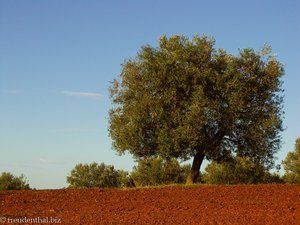 Feld mit Olivenbäume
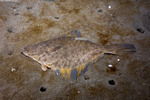 Pleuronectinae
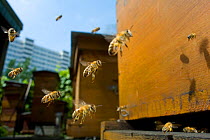 Honey bees (Apis melifera) flying in city, Paris, France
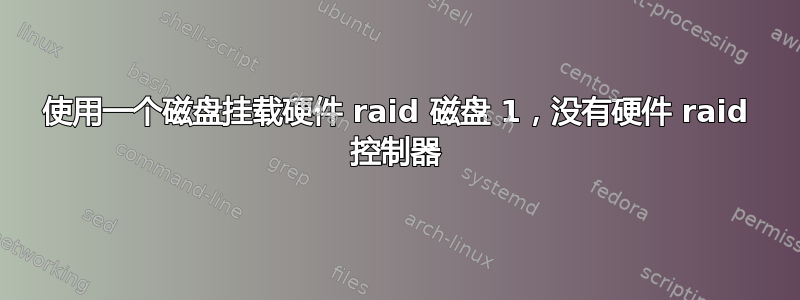 使用一个磁盘挂载硬件 raid 磁盘 1，没有硬件 raid 控制器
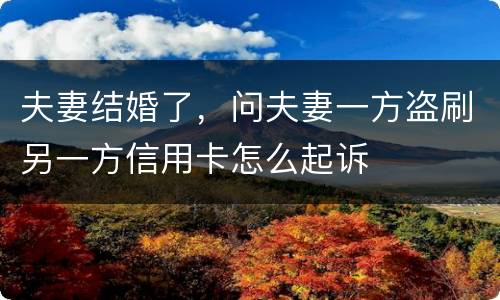夫妻结婚了，问夫妻一方盗刷另一方信用卡怎么起诉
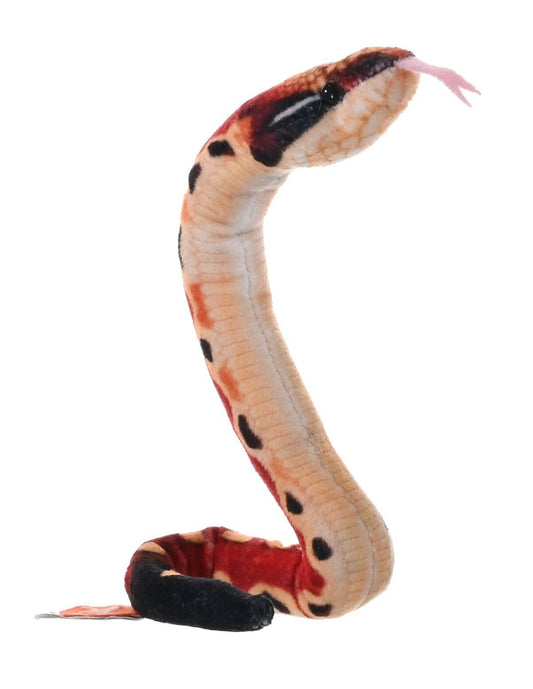 Coilkins Blood Python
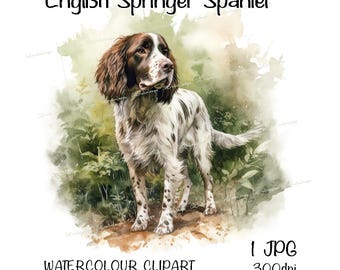 English Springer Spaniel Watercolour Dog Clipart, Instant Download Digital Image, High Quality JPEG/JPG, Woodland Scene, Commercial Use, No1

+ + +

* Required work *
Output nothing but an exact retyping of the material, pictures excluded.

* Answer to the problem *
 Feld mit Olivenbäume
 Pleuronectinae
 Honey bees (Apis melifera) flying in city, Paris, France
 使用一个磁盘挂载硬件 raid 磁盘 1，没有硬件 raid 控制器
夫妻结婚了，问夫妻一方盗刷另一方信用卡怎么起诉
 Coilkins Blood Python
 English Springer Spaniel Watercolour Dog Clipart, Instant Download Digital Image, High Quality JPEG/JPG, Woodland Scene, Commercial Use, No1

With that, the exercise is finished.